After working as an accountant, Sam Shosanya switched careers during the early 2000s and became a buyer for the supermarket chain, Sainsbury’s. He was responsible for buying in the cereals category and was also in charge of a team of buyers. At the time, Sainsbury’s was locked in fierce competition against Tesco. It was seeking opportunities to demonstrate innovation, thought leadership and general superiority over its competitors.
The cereal company Kellogg’s was also very focused on innovation at the time. It had recently released a successful cereal bar product and was keen to see if it could spread further outside the cereal aisle. So, when Kellogg’s approached Shosanya with a new waffle-like savoury snack, he was open to the experiment. He decided to put the snack in the cereal aisle alongside existing Kellogg’s products like cornflakes and Coco Pops because of the high foot traffic.

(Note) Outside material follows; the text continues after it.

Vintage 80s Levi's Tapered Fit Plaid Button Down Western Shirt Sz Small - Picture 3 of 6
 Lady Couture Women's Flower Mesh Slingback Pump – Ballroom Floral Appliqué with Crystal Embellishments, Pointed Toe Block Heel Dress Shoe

However, consumers just weren’t ready for a savoury Kellogg’s snack. “It failed miserably,” Shosanya says. “Not only did it fail in our business, it failed everywhere they tried it.”
His placement strategy meant Sainsbury’s took a big hit. Shosanya says he had become caught up in Kellogg’s enthusiasm: “They had spent a lot of time and a lot of money developing this product and everyone was so bullish.”
The product’s failure took Shosanya’s team by surprise and they had no planned response ready. “We panicked,” he says. “For a period of time, we did nothing, because doing nothing was easier than doing something, then we had a series of hare-brained ideas.”
Pressure from senior management soon followed, which prompted Shosanya’s team to make a quick, rash move instead of carefully managing the product’s exit. In the end, the answer came from a group of specialists who worked in parallel importing: Kellogg’s snack product was moved to a central location within the Sainsbury’s network and then picked up by a third party who took it offshore.
The key lesson from his mistake, Shosanya says, is that it’s important to consider the alternatives to each action. ‘Plan B’ needs to be in place, and to be as effective as ‘Plan A’.
The mistake was compounded by the team which was working to solve it. Sometimes it’s important to remove yourself from a problem to create space around it, Shosanya says: “Our thinking was limited and we were too close to the problem.”
“No-one ended up dead. As long as you learn from it, and you’re not in the business of repeating those errors, it ends up okay in the end.”
There was a silver lining, however – Shosanya’s personal worst-case scenario had come and gone, and he had survived. The space vacated by Kellogg’s savoury snacks even allowed him to trial a new display solution.
“No-one ended up dead,” Shosanya says. “As long as you learn from it, and you’re not in the business of repeating those errors, it ends up okay in the end.”